▸ AIM OF THE EXERCISE
Would you reproduce the whole listing exactly, dropping any pictures it holds?
┏━━
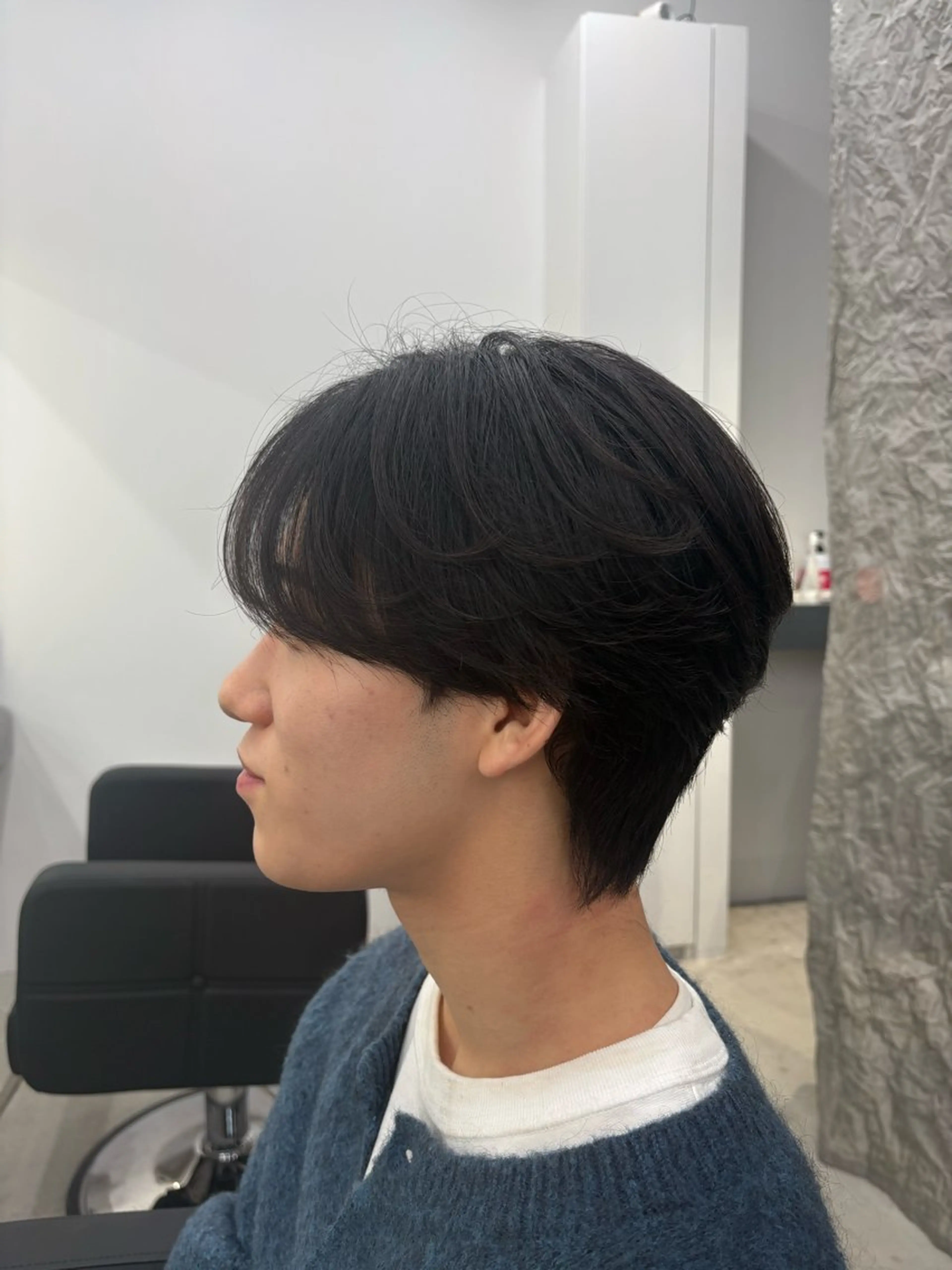 【ヘアセット付お客様に似合う髪型提案✨】メンズカット‼️の写真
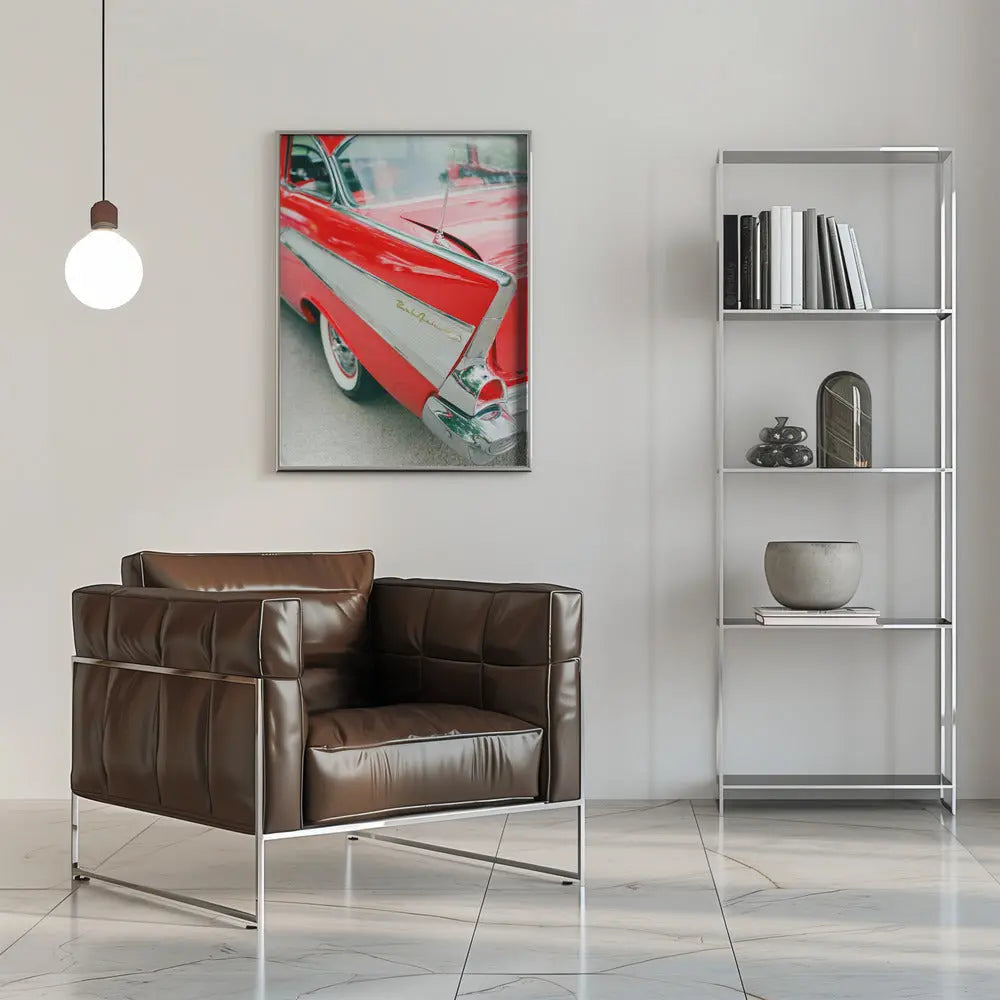 Classic Car - Stretched Canvas, Poster or Fine Art Print I Heart Wall Art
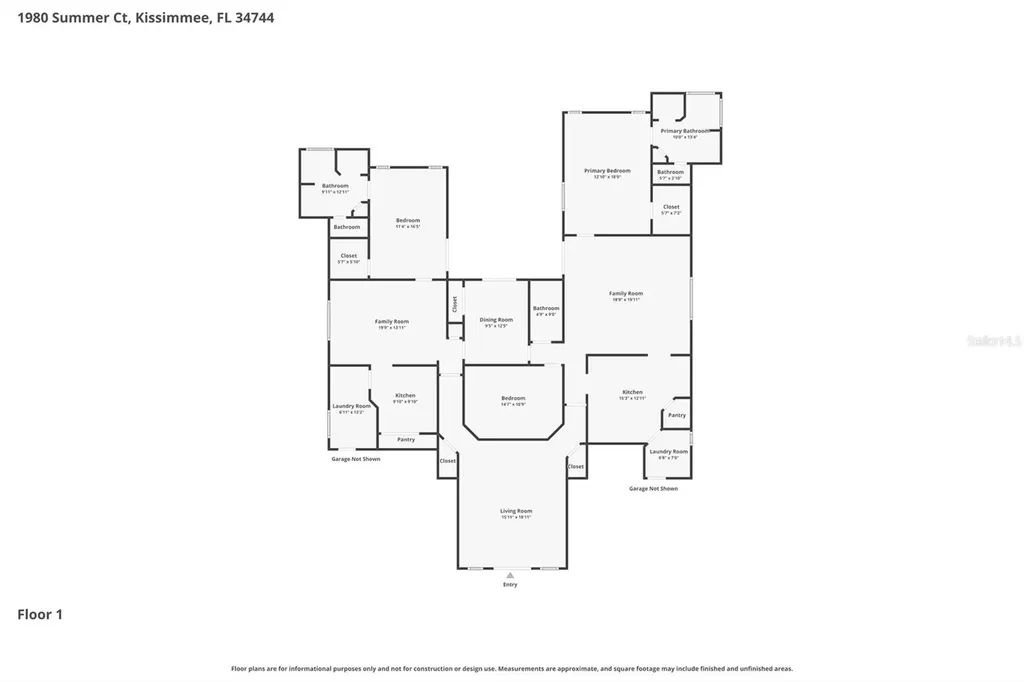 1980 Summer Court Kissimmee FL 34744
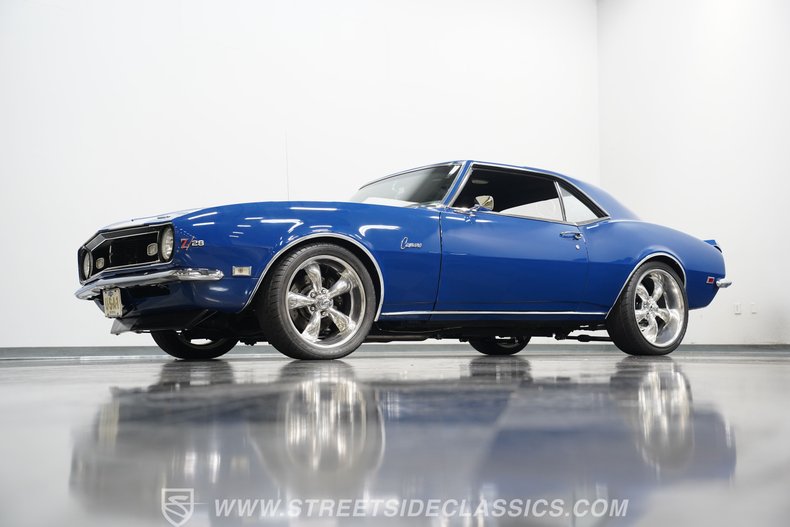 Chevrolet-Camaro-1968-Blue-Black-13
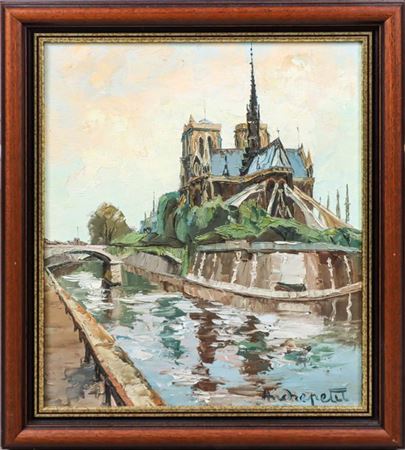 L'abside de Notre Dame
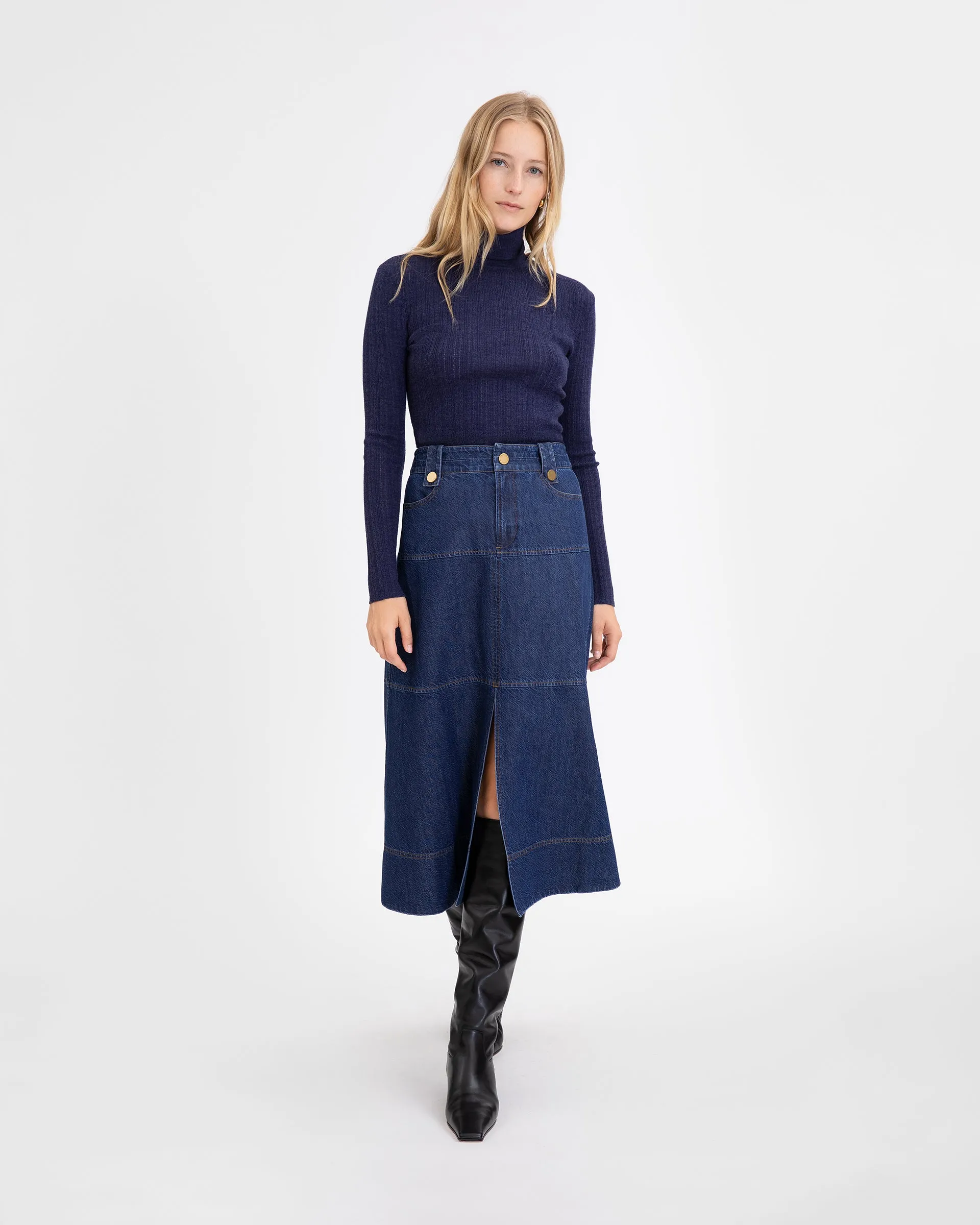 Layered Look All-Day Use Kayden Turtleneck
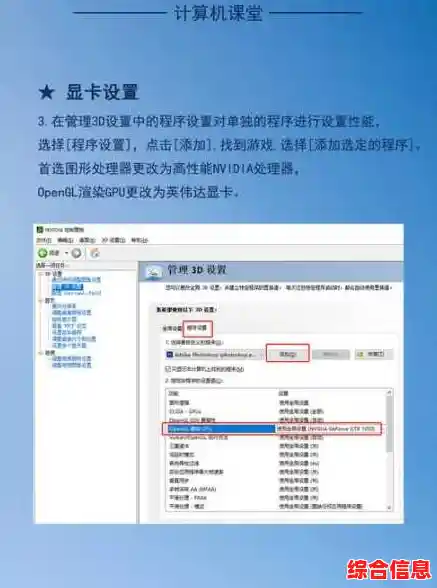 详解Win11显卡设置入口：从基础配置到高级优化全指南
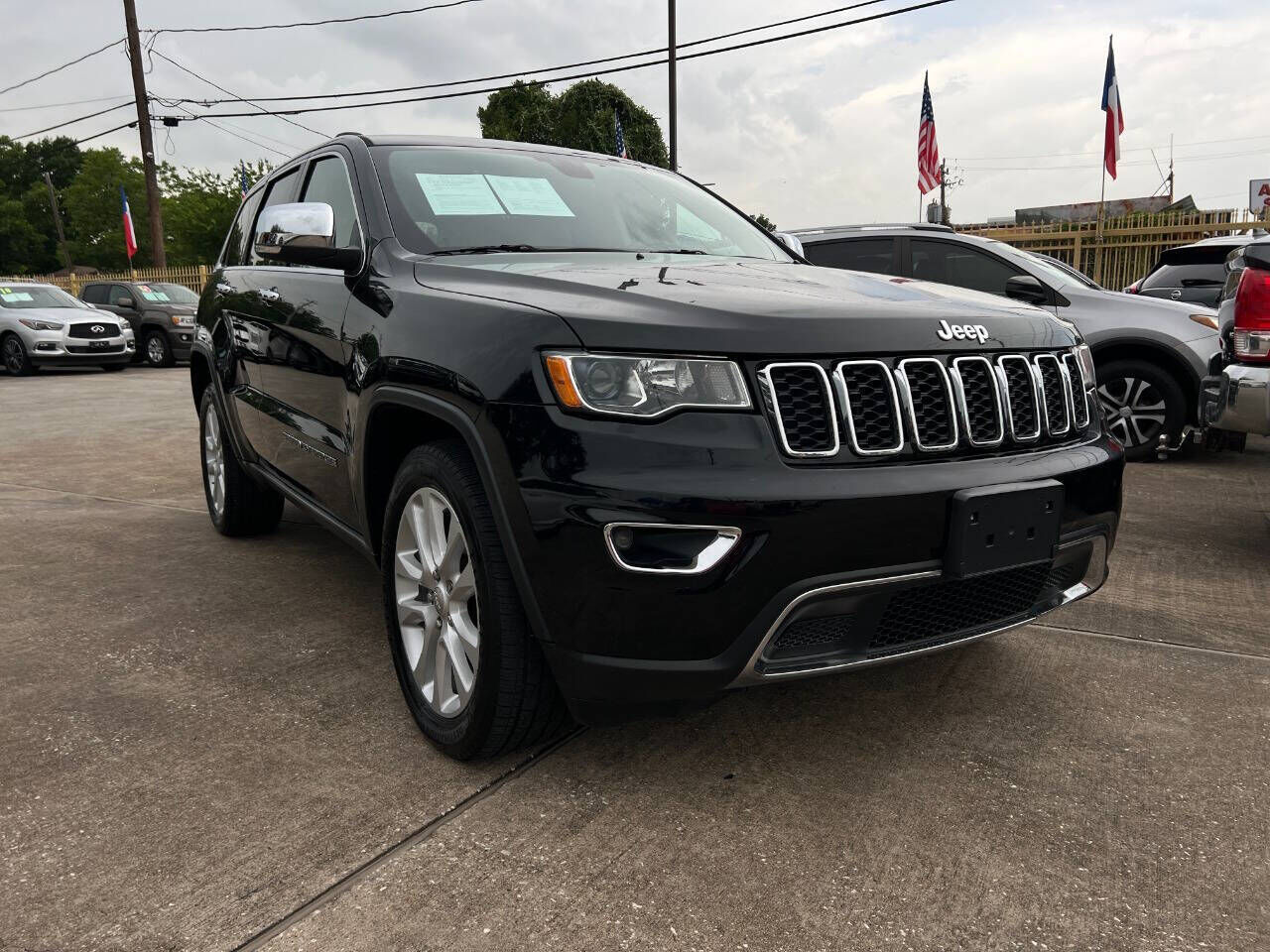 2017 JEEP Grand Cherokee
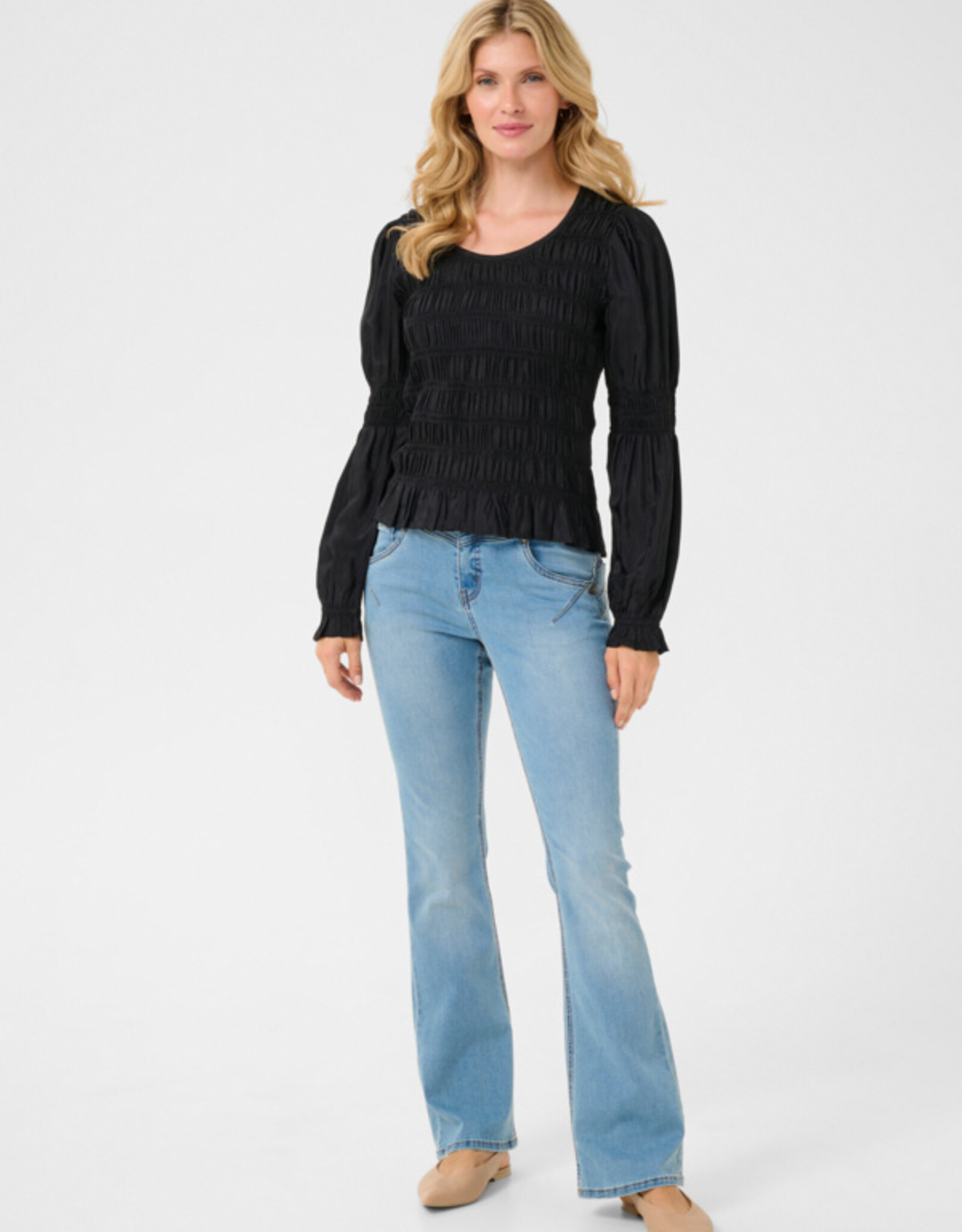 Cream Cream - CRHenva Blouse FW25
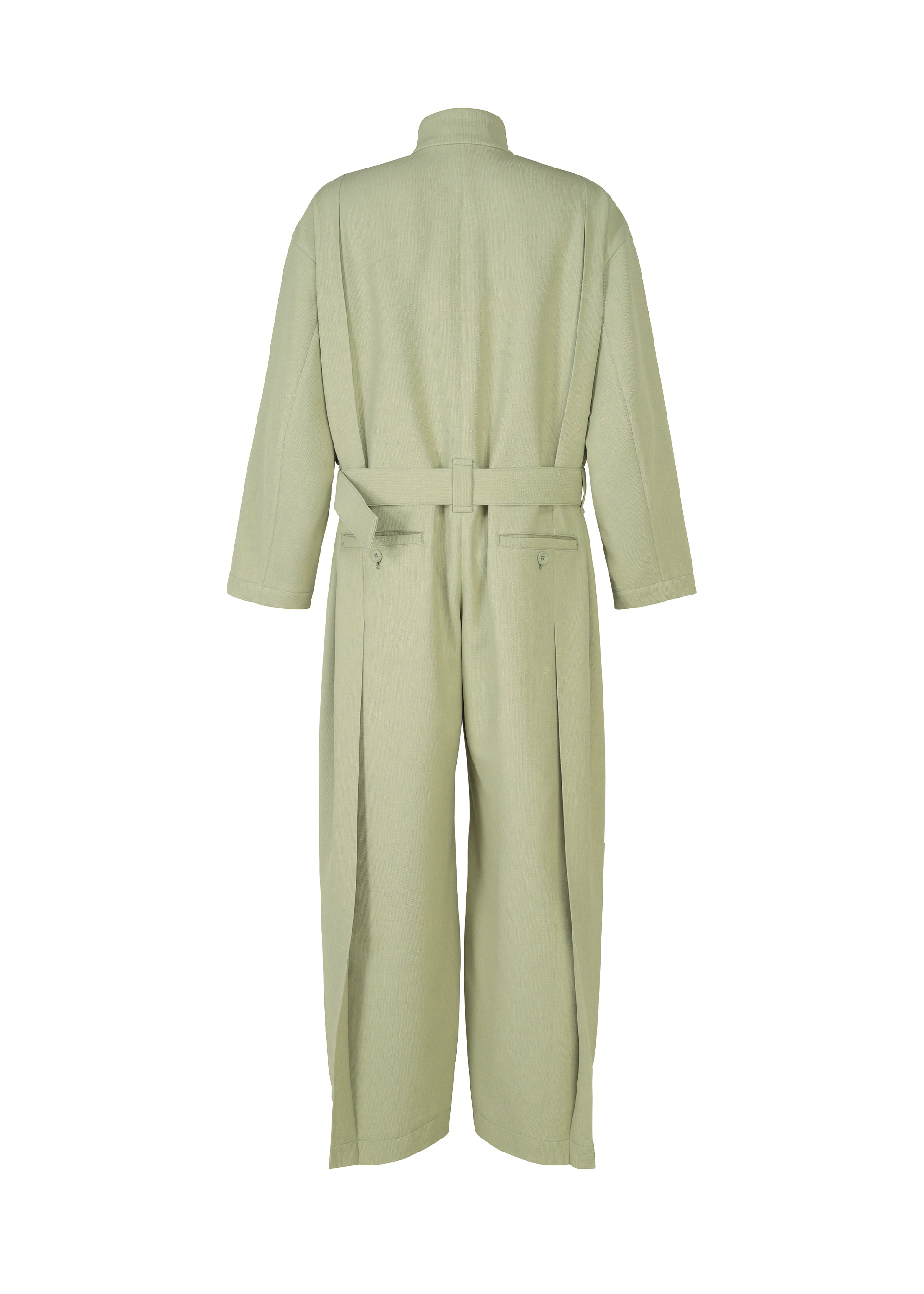 美品　エディフィス　セットアップ　カラミ　メッシュ　カーキ MICHEL KLEIN HOMME｜【セットアップ】カラミメッシュテーラード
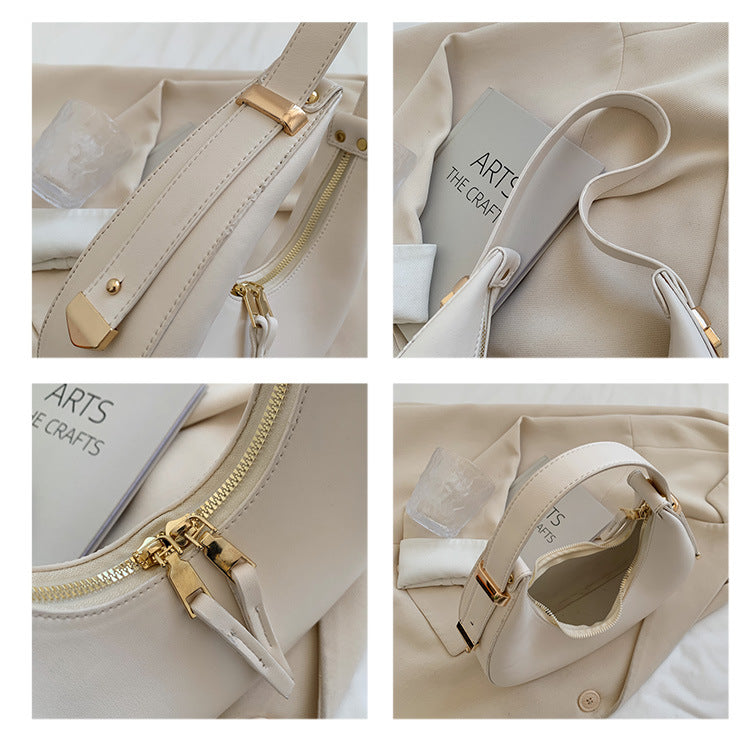 Korean Style Retro Handbag Women's Chain Small Bag Shoulder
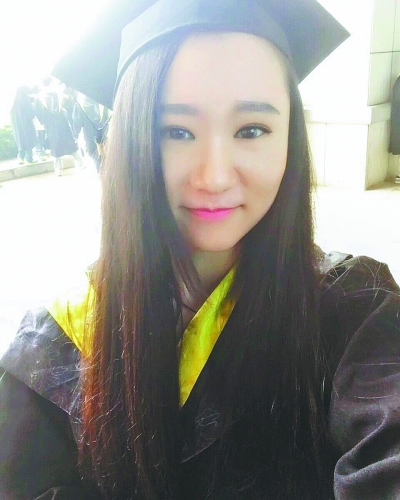 不服输的90后女孩沈玲。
┗━━
▸ EXERCISE RESULT
 【ヘアセット付お客様に似合う髪型提案✨】メンズカット‼️の写真
 Classic Car - Stretched Canvas, Poster or Fine Art Print I Heart Wall Art
 1980 Summer Court Kissimmee FL 34744
 Chevrolet-Camaro-1968-Blue-Black-13
 L'abside de Notre Dame
 Layered Look All-Day Use Kayden Turtleneck
 详解Win11显卡设置入口：从基础配置到高级优化全指南
 2017 JEEP Grand Cherokee
 Cream Cream - CRHenva Blouse FW25
 美品　エディフィス　セットアップ　カラミ　メッシュ　カーキ MICHEL KLEIN HOMME｜【セットアップ】カラミメッシュテーラード
 Korean Style Retro Handbag Women's Chain Small Bag Shoulder
 不服输的90后女孩沈玲。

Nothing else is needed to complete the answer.